P.S. still working on the divisor greater than half the t_val. It's line 20 in this script it is commented out.

Tim Kiebert
08-17-2011, 10:46 AM
Dear Professor Pickypicky,

I humbly submit this code for your consideration.

I await, primed for your response.


Tom Cone Jr
08-17-2011, 12:28 PM

The Professor is impressed that you skipped all the EVENLY numbered candidates. No reason to test them is there?

Your approach gets the correct answer, but is based on an hypothesis for which no proof is offered.

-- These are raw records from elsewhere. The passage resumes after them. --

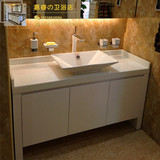 简约欧式浴室柜组合橡木落地现代实木洗漱台卫生间卫浴柜镜柜组合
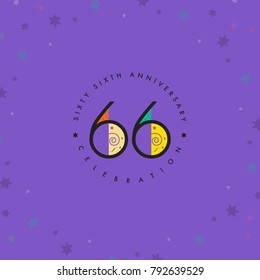 Sixty six years, 66th Anniversary Celebration Logo Design, Number 66 Icon Vector Template.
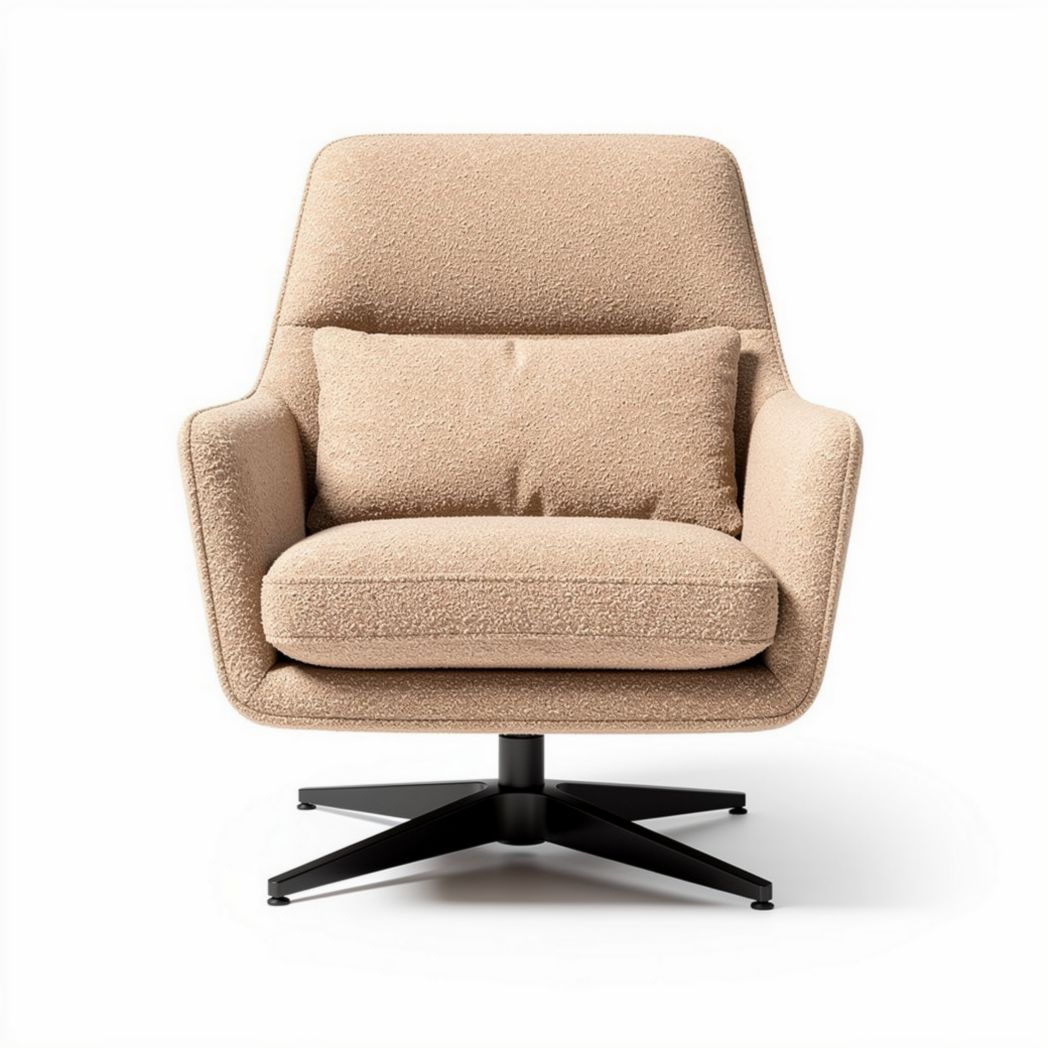 Drehbarer stuhl aus beige farbenem stoff mit kissen 80 x 80 x 90cm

' The largest divisor needed to test. This is found by getting the integer of the
' square root of the number being tested. Any value larger than this integer that
' divides evenly would have been the result of a division by a number smaller
' than the root

On behalf of the mathematically challenged the Professor is curious. What proof might be offered that this is a true statement in all cases?

-- tom

PS - Kudos on the comments in your code! An excellent example. Worthy of being framed and displayed on the mantle for all to follow.

Mike Wilson
08-17-2011, 07:39 PM
Funny, I thought about skipping all even numbers also. I didn't think there was a proof needed, it's a mathematical truth, like the definition of a prime number, an even number is that which can be divided by 2 with no remainder. So I'm guilty too.

Tim Kiebert
08-17-2011, 09:08 PM

I think prof Pickypicky is referring to the use of the square root as the upper limit that needs testing not the elimination of even numbers.

Tim Kiebert
08-17-2011, 09:24 PM
Professor Pickypicky,

Thanks for the feed back.

With regards to the not giving of proof for the 'square root upper limit' theory, I had to leave an obvious issue to distract you from all the other short comings. :wink:
It is something I remembered from the distant past.
Actually, I thought that you would pick me up on the assumption that 2 is a prime number.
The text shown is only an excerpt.